_HOW TO COMPLETE THIS TASK_
The full listing, minus its pictures, should be printed again exactly as it stands.

_MATERIAL PROVIDED_
**********

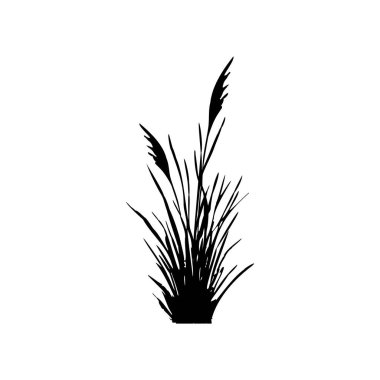 Siyah çimen grafik silueti. Tek renkli sazlık görüntüsü, beyaz arka planda çimen ya da acele. İzole vektör çizimi..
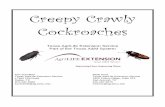 Creepy Crawly Cockroaches - Maine.gov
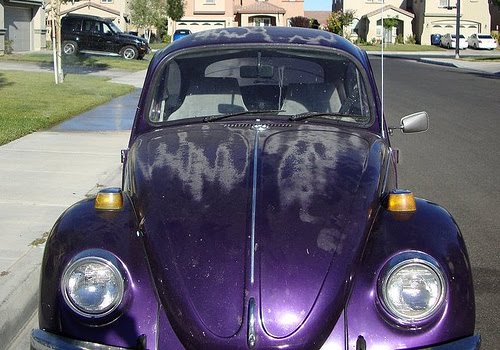 a Volkswagon Beetle.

**********

_RESPONSE_
 Siyah çimen grafik silueti. Tek renkli sazlık görüntüsü, beyaz arka planda çimen ya da acele. İzole vektör çizimi..
 Creepy Crawly Cockroaches - Maine.gov
 a Volkswagon Beetle.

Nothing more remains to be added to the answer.